Welcome

Professor Imielinski

Tomasz Imieliński is a professor of computer science at Rutgers University. He has served as chairman of computer science department at Rutgers from 1996 till 2003. In 2000 he co-founded Connotate Technologies – web data extraction company based in New Brunswick NJ. Since 2004 till 2010 he has held multiple positions at Ask.com, from Vice president of data solutions to executive vice president of global search and answers and Chief Scientist. He has also served as VP of Data Solutions at IAC.

Course Summary

Big Data, Algorithms, and statistics are everywhere today. But how do you tell good data from bad? Misinformation from useful analysis? And who own the information about our lives and decisions?

Data 101 will help you improve your data literacy and develop a healthy skepticism about empirical claims present in the popular media. We will explore examples of erroneous, rushed and ad hoc conclusions based on so-called “big data”, and you will get hands-on experience analyzing and using data to make persuasive arguments.

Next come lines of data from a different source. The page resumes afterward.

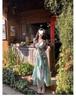 Elegant French Spaghetti Strap Beach Resort Dress with Versatile Print and Slimming Fit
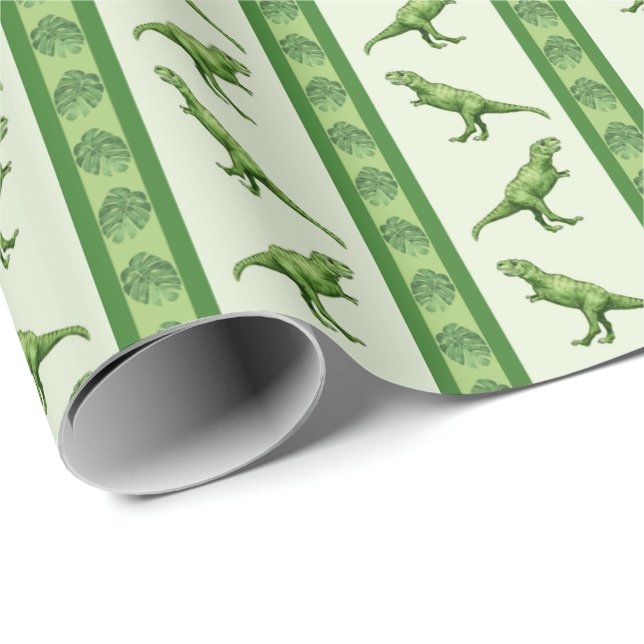 Papel De Regalo Tyrannosaurus Rex Stripe (Esquina del rollo)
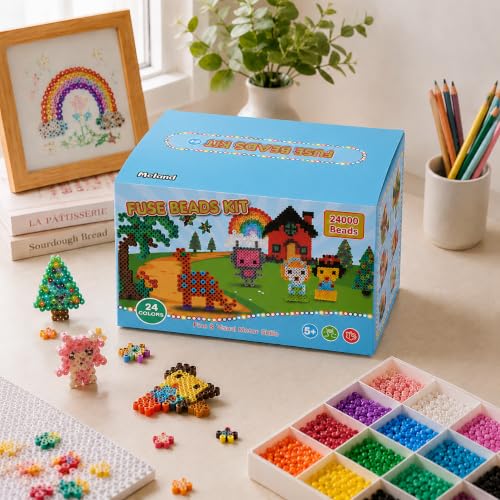 Meland Fuse Beads Kit, 5MM 24000 Beads in 24 Colors,Craft Gift for Age 5-12 - size: 24000 pcs without Iron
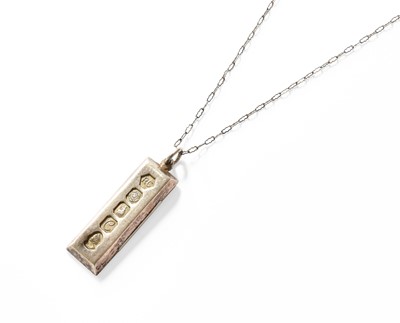 Lot 140 - A Silver Ingot Pendant, by Carr's of Sheffield...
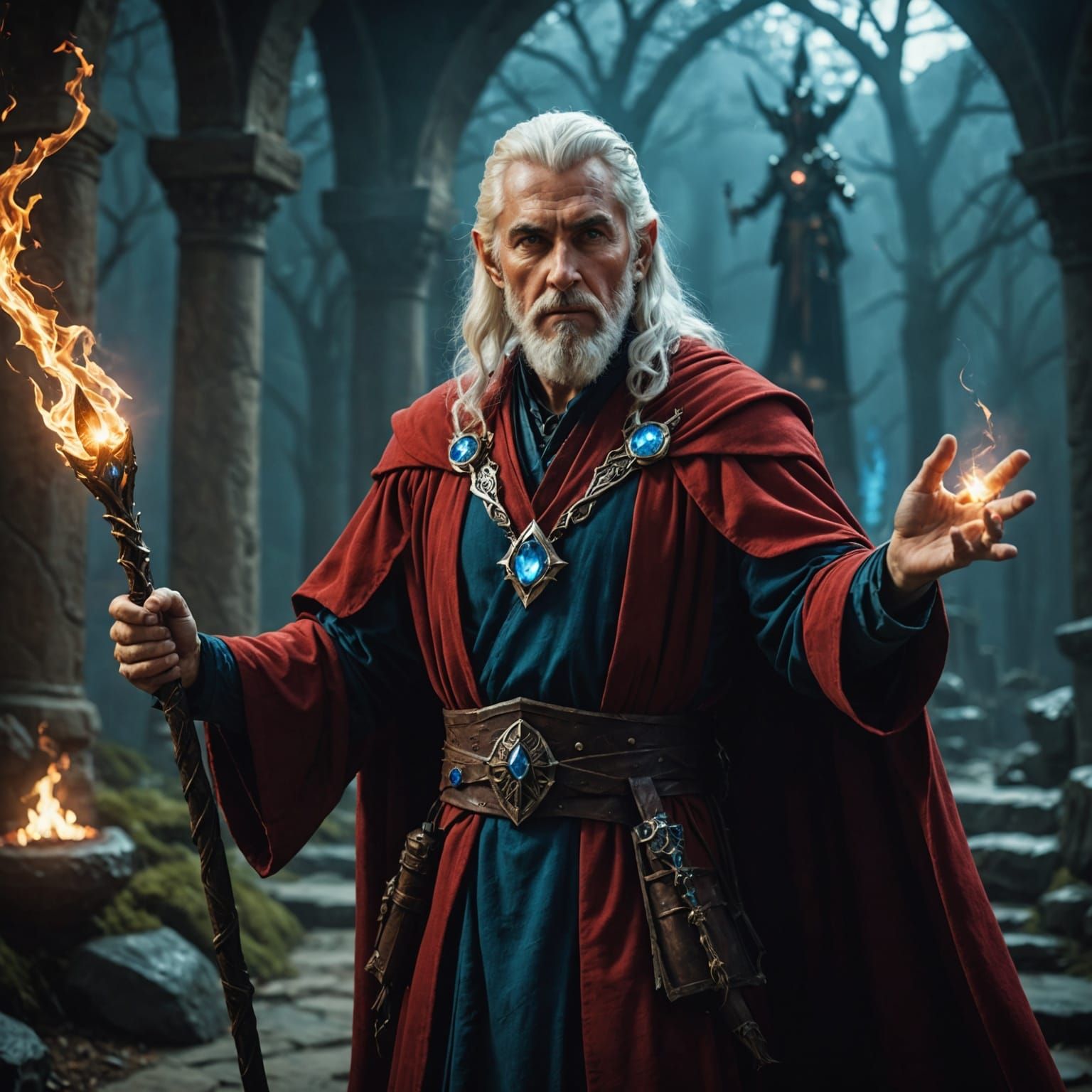 Ethereal Eladrin Wizard in Cinematic Grandeur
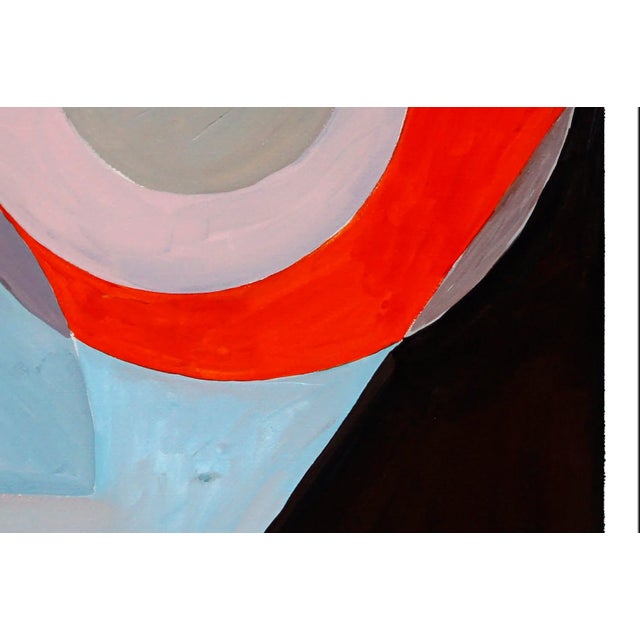 Blue 2023 "Eclipse Reflection on a Building" Neo-Constructivist Modern Acrylic Painting on Watercolor Paper by Natalia Roman For Sale - Image 8 of 11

You will also learn to make more informed decisions about what you find and share online. Along the way, you will learn fundamental and basic concepts in statistics and probability that are required to argue persuasively use data. Such as: Data Exploration, Data Visualization, Hypothesis testing, Difference of means, Null and Alternative Hypothesis, Permutation test, z-test, z-value, critical value, significance level, p-value, Bonferroni correction, Chi square test, Independence (if time allows), Bayesian Reasoning, Prior odds, Posterior odds, Likelihood ratio, False positive, True positive, Prediction, Cross Validation, Decision trees, Linear regression, Recursive partitioning (rpart), linear regression MSE, Predication accuracy, Training, Testing, Aggregate Data Paradoxes (Simpson, Ecological fallacy, Prosecutorial fallacy), Normal distribution, Central Limit Theorem, Power law distribution.

Meanwhile, you will acquire basic programming skills of R that will benefit you in your future coursework and beyond. R is a statistical software environment and programming language that we’ll use to analyze and visualize datasets. Learning simple R will take some work; however, if you’re able to master the basics covered in this class, you’ll gain a concrete, marketable skill that may very well be extremely useful in your academic and professional life.